Facebook: http://www.facebook.com/thebrainscoop

The Brain Scoop is hosted and written by:
Emily Graslie

Executive Producer:
Hank Green (http://www.youtube.com/hankschannel)

Directed, Edited, and Scored by:
Michael Aranda (http://www.youtube.com/michaelaranda)

You know who warms my heart? Martina Šafusová, Diana Raynes, Katerina Idrik, Hervé Saint Raymond, John-Alan Pascoe, Tony Chu, Seth Bergenholtz, and Barbara Velázquez. They took the time to transcribe and translate this episode for you. :D

Michael Aranda: This episode of The Brain Scoop is brought to you by a fantastically generous contribution from Heather Hsu.

(Brain Scoop intro plays)

Emily Graslie: The Chicago Field Museum is one of the largest and most respected natural history museums in the world.  Join me as we go behind the scenes!  Dun dun dun!

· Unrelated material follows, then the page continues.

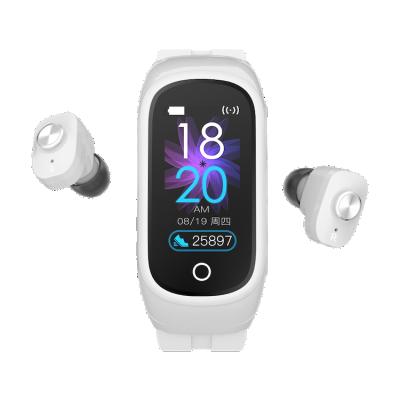 China MP3 Playback N8 Built in 2 in 1 Wireless Handsfree Earbuds Tracker Wireless Handsfree Sports Earbuds Fitness Earbud Smart Watch for sale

Bill Stanley: So we get our specimens from um, a variety of different places, uh, I spend several weeks out of the year in Eastern Africa living on rice and beans-

Emily: Wow.  Pfft, wow. 

Bill: -uh, collecting rats, and um, so these things come back here and uh, they're cleaned up.  

Bill: If I come back from Tanzania with a bunch of rats, I don't clean the rat, catalogue it, put it away, clean the rat, catalog it, put it away-

Emily: Yeah.

Bill: Everything comes in as a group, and it's cleaned together, identified together, and then processed as a unit, and that happens here.  In here, we have the field notes.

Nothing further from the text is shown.